Building the Recruiting Muscle
I was recently sitting with a friend who runs an early stage start-up and looking to hire first few employees. They had recently raised an angel/seed round and were under some pressure to build and grow the team faster. He had tried using various recruiting platforms, referrals, headhunters, etc but just couldn’t hire. He isn’t unique. I hear this from most people I meet these days. Everybody is struggling to hire.
This is what I tell them — “Build the recruiting muscle”
What does that mean?
- Specialization — Recruiting is a specialized function. Just like other functions — engineering, accounting, marketing, sales, etc. Would I trust myself to manage our company’s books of account or server infrastructure? Most people assume that anyone can recruit. The first step to building the muscle is treating the function with the respect it deserves. A good full-time recruiter will change the way you think about recruiting.

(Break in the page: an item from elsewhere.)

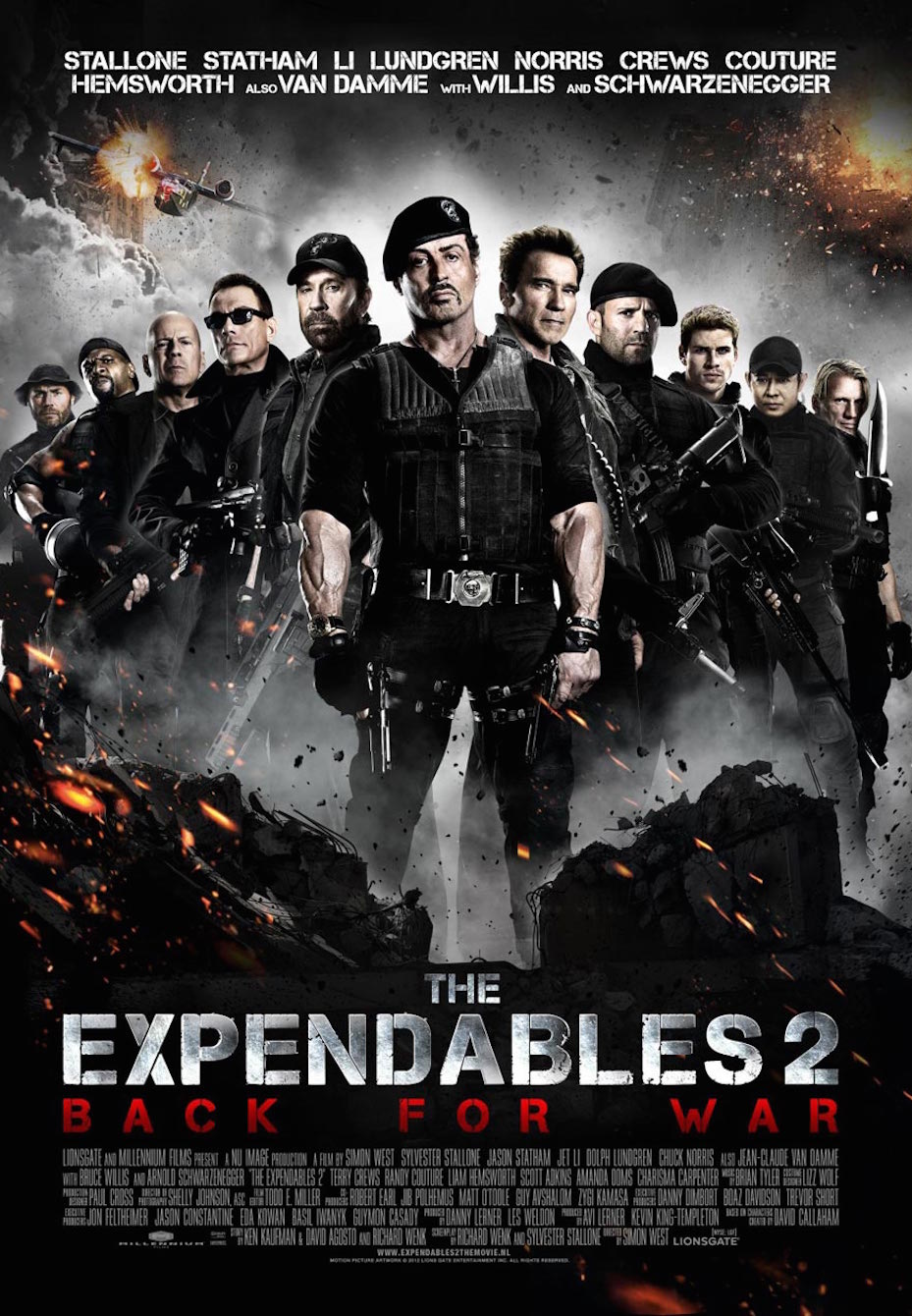 ดูหนังออนไลน์ฟรี The Expendables 2 (2012) โคตรคน ทีมเอ็กซ์เพนเดเบิ้ล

- Whom to hire? You will meet three types of people when you try to hire for this position. People who are in HR (or want to do other HR stuff), Corporate Talent Acquisition professionals who work with outside vendors, hiring partners, etc, and sourcing professionals. Hire people who’ve done sourcing themselves — that includes picking up the phone, making cold calls to prospective employees, pitching them the company/role, lining them up for interview, managing the funnel and closing positions. Anyone who is interested or wants to other HR functions like Learning & Development, Training, HR Generalists, Compensation & Benefits, Organization Development, etc may not be good fit for such a role. This is like a sales role. You want people who thrive on making cold calls and closing business.
- Outsource vs In-house — You can not outsource anything and build the organization muscle. If it is important and strategic, it must be in-house. That might initially be harder, or take longer but that is the only way to build the capability. An internal recruiter would always in a much better position to understand the position better, manage pipeline, refine the recruiting / sourcing process. It is generally harder to get the alignment right with a third-party agency.
- Numbers — This is the most important point. Recruiting is like sales. You can’t build a great sales team unless you track the activity metrics. Here are some of the things one should track at an individual recruiter, position and company level -
— First level profile screen
— Candidates called
— Candidates who came for first level interview
— Candidates moving to subsequent stages
— Number of offers made
— Offers accepted (along with their joining dates)
— Offers declined (far various reasons)
— Number of candidates joined
Make sure you track the pipeline on a regular basis. Tracking drop-off rates at various stages (and for various recruiters) will give you insights on what to fix.
5. Be reasonable — If a position is taking longer to fill, often there is something wrong with the position. Is it so specific that there are very few people who have that skill? Is the salary offered lower than the prevailing market salary for that role? Is location a challenge? Are you being unreasonable?
Rinse and Repeat. Follow the process and you will be surprised by your ability to hire.